Exercise requirements:
Set down the entries below exactly as written.

Given entries:
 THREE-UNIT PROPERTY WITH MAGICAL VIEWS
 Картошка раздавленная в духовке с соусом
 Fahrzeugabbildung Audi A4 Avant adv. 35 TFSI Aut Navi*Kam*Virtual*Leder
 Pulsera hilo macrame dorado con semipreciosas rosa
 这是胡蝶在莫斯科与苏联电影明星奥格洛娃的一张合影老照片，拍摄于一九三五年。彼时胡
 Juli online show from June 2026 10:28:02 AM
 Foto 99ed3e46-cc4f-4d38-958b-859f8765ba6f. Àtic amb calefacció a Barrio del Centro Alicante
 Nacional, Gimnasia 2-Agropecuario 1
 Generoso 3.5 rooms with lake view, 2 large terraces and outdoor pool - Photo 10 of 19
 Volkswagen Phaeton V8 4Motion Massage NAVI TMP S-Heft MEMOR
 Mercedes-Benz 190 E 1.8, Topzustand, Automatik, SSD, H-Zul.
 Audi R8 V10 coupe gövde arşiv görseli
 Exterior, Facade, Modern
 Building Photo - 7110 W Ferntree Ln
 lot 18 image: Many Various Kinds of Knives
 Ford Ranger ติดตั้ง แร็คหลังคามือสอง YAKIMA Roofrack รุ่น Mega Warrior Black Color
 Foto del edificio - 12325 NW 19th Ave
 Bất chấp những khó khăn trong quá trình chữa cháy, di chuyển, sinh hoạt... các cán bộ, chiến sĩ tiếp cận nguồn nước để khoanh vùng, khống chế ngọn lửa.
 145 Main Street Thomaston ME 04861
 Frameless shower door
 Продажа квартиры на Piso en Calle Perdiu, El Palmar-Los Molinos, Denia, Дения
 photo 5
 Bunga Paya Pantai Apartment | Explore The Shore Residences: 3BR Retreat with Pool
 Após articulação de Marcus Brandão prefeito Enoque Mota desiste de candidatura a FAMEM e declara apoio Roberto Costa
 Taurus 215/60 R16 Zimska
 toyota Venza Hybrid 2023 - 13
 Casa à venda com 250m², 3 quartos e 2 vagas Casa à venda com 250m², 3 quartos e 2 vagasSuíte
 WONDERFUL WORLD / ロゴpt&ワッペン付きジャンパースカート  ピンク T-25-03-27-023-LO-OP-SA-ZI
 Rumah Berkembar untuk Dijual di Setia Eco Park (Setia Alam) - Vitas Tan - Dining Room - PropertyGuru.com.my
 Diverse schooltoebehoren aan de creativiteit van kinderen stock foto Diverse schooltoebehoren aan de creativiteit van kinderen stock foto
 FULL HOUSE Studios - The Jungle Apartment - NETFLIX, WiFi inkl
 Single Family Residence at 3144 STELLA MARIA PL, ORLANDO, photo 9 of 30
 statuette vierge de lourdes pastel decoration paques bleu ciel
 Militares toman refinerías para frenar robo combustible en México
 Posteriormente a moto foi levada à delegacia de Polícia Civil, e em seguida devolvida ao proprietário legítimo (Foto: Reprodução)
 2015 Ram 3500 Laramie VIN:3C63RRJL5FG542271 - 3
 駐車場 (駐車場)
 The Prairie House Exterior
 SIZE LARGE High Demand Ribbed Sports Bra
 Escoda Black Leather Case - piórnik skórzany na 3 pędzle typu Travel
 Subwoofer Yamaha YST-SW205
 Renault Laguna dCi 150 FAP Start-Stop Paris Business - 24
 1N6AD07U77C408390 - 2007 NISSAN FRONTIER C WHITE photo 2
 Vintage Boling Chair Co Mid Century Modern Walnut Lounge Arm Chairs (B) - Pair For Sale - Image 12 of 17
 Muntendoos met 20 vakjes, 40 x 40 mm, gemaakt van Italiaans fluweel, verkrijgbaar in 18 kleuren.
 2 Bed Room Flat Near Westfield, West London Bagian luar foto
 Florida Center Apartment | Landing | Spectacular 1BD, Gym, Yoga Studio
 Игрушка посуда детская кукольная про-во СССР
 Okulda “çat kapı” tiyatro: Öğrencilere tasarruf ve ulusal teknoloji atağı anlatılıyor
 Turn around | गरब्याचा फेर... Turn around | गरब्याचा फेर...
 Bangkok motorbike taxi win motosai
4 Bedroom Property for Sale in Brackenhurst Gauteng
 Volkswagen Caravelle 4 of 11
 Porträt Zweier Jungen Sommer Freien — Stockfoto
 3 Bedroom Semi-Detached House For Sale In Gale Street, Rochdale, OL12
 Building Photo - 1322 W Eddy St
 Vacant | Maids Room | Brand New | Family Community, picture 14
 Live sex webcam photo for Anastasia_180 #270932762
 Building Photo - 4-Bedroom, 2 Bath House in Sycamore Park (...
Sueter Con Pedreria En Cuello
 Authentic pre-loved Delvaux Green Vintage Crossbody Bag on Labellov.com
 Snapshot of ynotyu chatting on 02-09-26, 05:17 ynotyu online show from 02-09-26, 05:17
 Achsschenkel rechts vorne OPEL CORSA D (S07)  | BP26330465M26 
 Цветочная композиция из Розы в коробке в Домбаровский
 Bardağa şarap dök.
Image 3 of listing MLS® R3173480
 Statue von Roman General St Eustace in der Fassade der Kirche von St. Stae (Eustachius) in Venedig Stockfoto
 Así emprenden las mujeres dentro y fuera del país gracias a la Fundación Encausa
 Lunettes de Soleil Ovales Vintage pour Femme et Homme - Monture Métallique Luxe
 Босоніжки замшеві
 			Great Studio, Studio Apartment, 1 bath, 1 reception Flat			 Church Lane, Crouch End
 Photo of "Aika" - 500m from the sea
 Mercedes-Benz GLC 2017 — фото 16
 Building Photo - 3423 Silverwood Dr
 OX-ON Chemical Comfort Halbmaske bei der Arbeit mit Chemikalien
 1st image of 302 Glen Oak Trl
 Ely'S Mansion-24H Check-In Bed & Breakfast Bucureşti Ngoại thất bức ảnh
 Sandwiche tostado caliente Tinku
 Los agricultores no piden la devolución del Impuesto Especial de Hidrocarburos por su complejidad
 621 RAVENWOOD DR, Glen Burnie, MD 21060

Exercise answer:
 THREE-UNIT PROPERTY WITH MAGICAL VIEWS
 Картошка раздавленная в духовке с соусом
 Fahrzeugabbildung Audi A4 Avant adv. 35 TFSI Aut Navi*Kam*Virtual*Leder
 Pulsera hilo macrame dorado con semipreciosas rosa
 这是胡蝶在莫斯科与苏联电影明星奥格洛娃的一张合影老照片，拍摄于一九三五年。彼时胡
 Juli online show from June 2026 10:28:02 AM
 Foto 99ed3e46-cc4f-4d38-958b-859f8765ba6f. Àtic amb calefacció a Barrio del Centro Alicante
 Nacional, Gimnasia 2-Agropecuario 1
 Generoso 3.5 rooms with lake view, 2 large terraces and outdoor pool - Photo 10 of 19
 Volkswagen Phaeton V8 4Motion Massage NAVI TMP S-Heft MEMOR
 Mercedes-Benz 190 E 1.8, Topzustand, Automatik, SSD, H-Zul.
 Audi R8 V10 coupe gövde arşiv görseli
 Exterior, Facade, Modern
 Building Photo - 7110 W Ferntree Ln
 lot 18 image: Many Various Kinds of Knives
 Ford Ranger ติดตั้ง แร็คหลังคามือสอง YAKIMA Roofrack รุ่น Mega Warrior Black Color
 Foto del edificio - 12325 NW 19th Ave
 Bất chấp những khó khăn trong quá trình chữa cháy, di chuyển, sinh hoạt... các cán bộ, chiến sĩ tiếp cận nguồn nước để khoanh vùng, khống chế ngọn lửa.
 145 Main Street Thomaston ME 04861
 Frameless shower door
 Продажа квартиры на Piso en Calle Perdiu, El Palmar-Los Molinos, Denia, Дения
 photo 5
 Bunga Paya Pantai Apartment | Explore The Shore Residences: 3BR Retreat with Pool
 Após articulação de Marcus Brandão prefeito Enoque Mota desiste de candidatura a FAMEM e declara apoio Roberto Costa
 Taurus 215/60 R16 Zimska
 toyota Venza Hybrid 2023 - 13
 Casa à venda com 250m², 3 quartos e 2 vagas Casa à venda com 250m², 3 quartos e 2 vagasSuíte
 WONDERFUL WORLD / ロゴpt&ワッペン付きジャンパースカート  ピンク T-25-03-27-023-LO-OP-SA-ZI
 Rumah Berkembar untuk Dijual di Setia Eco Park (Setia Alam) - Vitas Tan - Dining Room - PropertyGuru.com.my
 Diverse schooltoebehoren aan de creativiteit van kinderen stock foto Diverse schooltoebehoren aan de creativiteit van kinderen stock foto
 FULL HOUSE Studios - The Jungle Apartment - NETFLIX, WiFi inkl
 Single Family Residence at 3144 STELLA MARIA PL, ORLANDO, photo 9 of 30
 statuette vierge de lourdes pastel decoration paques bleu ciel
 Militares toman refinerías para frenar robo combustible en México
 Posteriormente a moto foi levada à delegacia de Polícia Civil, e em seguida devolvida ao proprietário legítimo (Foto: Reprodução)
 2015 Ram 3500 Laramie VIN:3C63RRJL5FG542271 - 3
 駐車場 (駐車場)
 The Prairie House Exterior
 SIZE LARGE High Demand Ribbed Sports Bra
 Escoda Black Leather Case - piórnik skórzany na 3 pędzle typu Travel
 Subwoofer Yamaha YST-SW205
 Renault Laguna dCi 150 FAP Start-Stop Paris Business - 24
 1N6AD07U77C408390 - 2007 NISSAN FRONTIER C WHITE photo 2
 Vintage Boling Chair Co Mid Century Modern Walnut Lounge Arm Chairs (B) - Pair For Sale - Image 12 of 17
 Muntendoos met 20 vakjes, 40 x 40 mm, gemaakt van Italiaans fluweel, verkrijgbaar in 18 kleuren.
 2 Bed Room Flat Near Westfield, West London Bagian luar foto
 Florida Center Apartment | Landing | Spectacular 1BD, Gym, Yoga Studio
 Игрушка посуда детская кукольная про-во СССР
 Okulda “çat kapı” tiyatro: Öğrencilere tasarruf ve ulusal teknoloji atağı anlatılıyor
 Turn around | गरब्याचा फेर... Turn around | गरब्याचा फेर...
 Bangkok motorbike taxi win motosai
4 Bedroom Property for Sale in Brackenhurst Gauteng
 Volkswagen Caravelle 4 of 11
 Porträt Zweier Jungen Sommer Freien — Stockfoto
 3 Bedroom Semi-Detached House For Sale In Gale Street, Rochdale, OL12
 Building Photo - 1322 W Eddy St
 Vacant | Maids Room | Brand New | Family Community, picture 14
 Live sex webcam photo for Anastasia_180 #270932762
 Building Photo - 4-Bedroom, 2 Bath House in Sycamore Park (...
Sueter Con Pedreria En Cuello
 Authentic pre-loved Delvaux Green Vintage Crossbody Bag on Labellov.com
 Snapshot of ynotyu chatting on 02-09-26, 05:17 ynotyu online show from 02-09-26, 05:17
 Achsschenkel rechts vorne OPEL CORSA D (S07)  | BP26330465M26 
 Цветочная композиция из Розы в коробке в Домбаровский
 Bardağa şarap dök.
Image 3 of listing MLS® R3173480
 Statue von Roman General St Eustace in der Fassade der Kirche von St. Stae (Eustachius) in Venedig Stockfoto
 Así emprenden las mujeres dentro y fuera del país gracias a la Fundación Encausa
 Lunettes de Soleil Ovales Vintage pour Femme et Homme - Monture Métallique Luxe
 Босоніжки замшеві
 			Great Studio, Studio Apartment, 1 bath, 1 reception Flat			 Church Lane, Crouch End
 Photo of "Aika" - 500m from the sea
 Mercedes-Benz GLC 2017 — фото 16
 Building Photo - 3423 Silverwood Dr
 OX-ON Chemical Comfort Halbmaske bei der Arbeit mit Chemikalien
 1st image of 302 Glen Oak Trl
 Ely'S Mansion-24H Check-In Bed & Breakfast Bucureşti Ngoại thất bức ảnh
 Sandwiche tostado caliente Tinku
 Los agricultores no piden la devolución del Impuesto Especial de Hidrocarburos por su complejidad
 621 RAVENWOOD DR, Glen Burnie, MD 21060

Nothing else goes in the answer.